La princesse ne savait que répondre. Le duc réfutait chaque argument qu'elle trouvait contre la légitimité d'un amour qu'elle vivait lors de la vie de son mari... Mais aujourd'hui, plus rien n'était pareil, tout avait changé... Son mari était décédé, elle était aujourd'hui toute seule. Tout ce que le défunt pouvait souhaiter à son épouse, c'est de vivre heureuse. Le duc était là devant elle. C'était si invraisemblable qu'elle se demandait si ce n'était pas un événement que son mari avait provoqué depuis là-haut.
Elle ressentait une sensation de bien-être en elle.
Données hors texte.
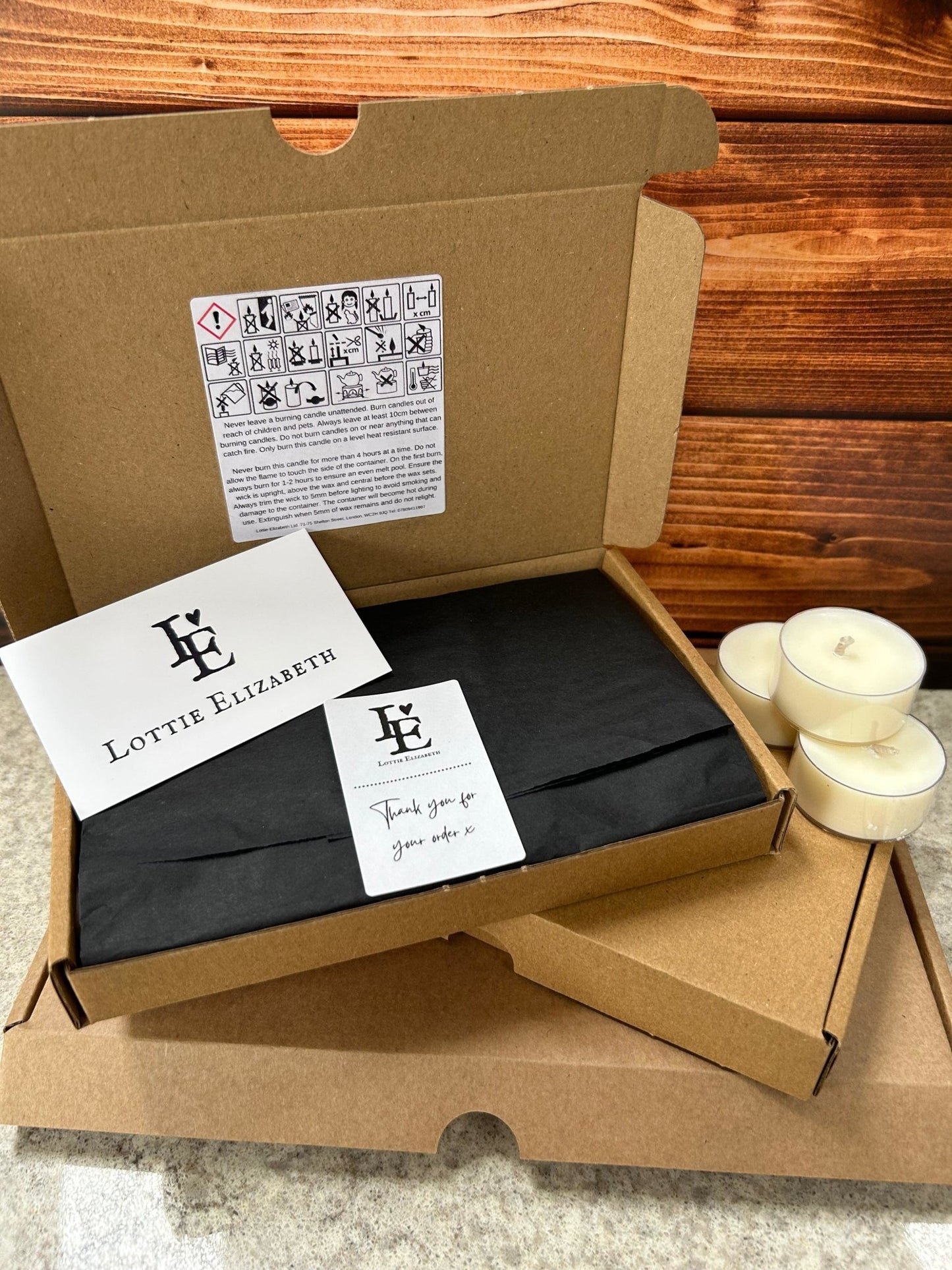 Image of our Lottie Elizabeth Ltd letterbox tea lights candles: Sustainably packaged. Perfect for weddings, events, and gifts. Made from natural soy wax. Keywords: tea light, tea lights, tealights, nature, soy wax, soywax, vegan, eco-friendly, unscented candle, 6, 12, 24. GLIMMA. Picture of 12 including thank you card and safety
Une sensation de bonheur. Elle souhaitait que cette sensation ne la quitte pas. Et malgré sa résignation à l'idée de suivre le duc, malgré la peur de faire offense la mémoire de son mari, elle suivit son c½ur... Lentement, elle s'approcha du duc, et déposa sa tête sur l'épaule de ce dernier. Monsieur de Nemours lui enroula le bras autour du cou. Et ensemble ils contemplèrent le jardin qui les entourait. C'était une belle journée d'automne.